今までの物語の舞台は基本的にトレミア・アカデミーという枠組みの中に閉塞していたので、もうまず他に名詠学校があって、学校によって様々な教育方針を持っているということが物凄く新鮮だったり。いや、考えてみたら当たり前なのですが…。ネイトとクルーエル、エイダとミオの4人を除き、舞台と共に彼らを取り巻くキャラクター達もほぼ一新されてます。しかし、物語の展開が5巻から引き続きクライマックス直前といった雰囲気なのであまり「心機一転・新シリーズ開幕!」という感じではないかも。

新キャラでは色名詠の使い手・レフィスが良い味出してました。天然系朴念仁は良い…ヘレンとのカップルぶりもなかなか良いのですが、異端の名詠士同士となるネイトとのコンビっぷりが中々美味しいものがあってお気に入りだったりします。しかし、何より少しずつ単なるクラスメイトから仲の良い友達、そしてかけがえの無い親友と一歩一歩進展していくネイトとクルーエルの関係が素敵。やはりクルーエルのために頑張るネイトの姿はかっこいい反面どこか可愛らしいというかなんというか。クルーエルに触発されて少し女の子らしい一面を覗かせるエイダにも色々と先行き不安ながら何かのフラグが見えたり見えなかったりします(なんていうか、とても先行き不安なフラグだけど)。
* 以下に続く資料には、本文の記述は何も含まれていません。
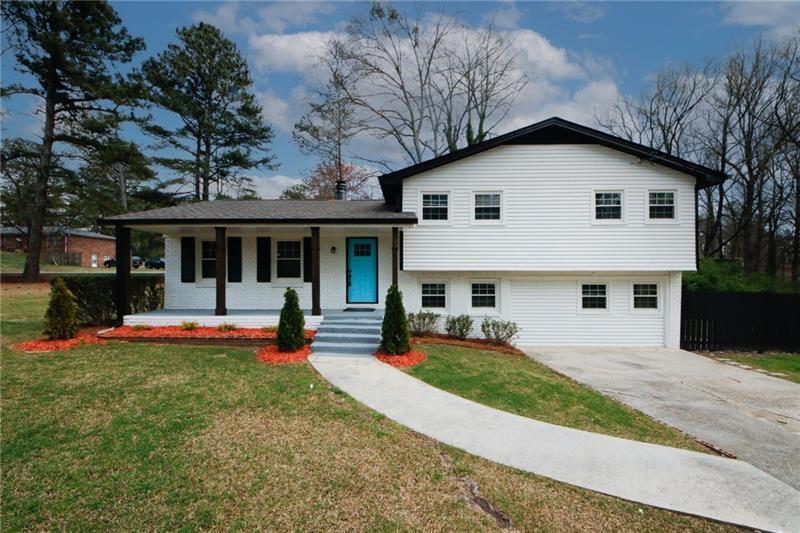 a view of a house with a yard and sitting area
何かと言葉を濁す半面、不穏な言葉を口にするアーマにアマリリス、再びクルーエルを襲う不穏な影、動き出したシャオ一派、そしてネイトとシャオの邂逅……と、物語はこのまま一気にクライマックスに突入する模様。今回はその序章といった感じで散々盛り上がった4巻5巻あたりと比べるとちょっと急展開すぎる部分が気になってしまったのですが、これからまたぐんぐん盛り上がっていくと思われる8巻以降が楽しみです。

…ていうか、ひょっとしてミオにも何か秘密があったりするんだろうか…物語の根幹に関わりそうなキャラクターを残してキャラクターが一新される今回で唯一居残ってる件といい、なんか微妙にそう受け取れるような表現が見え隠れ……。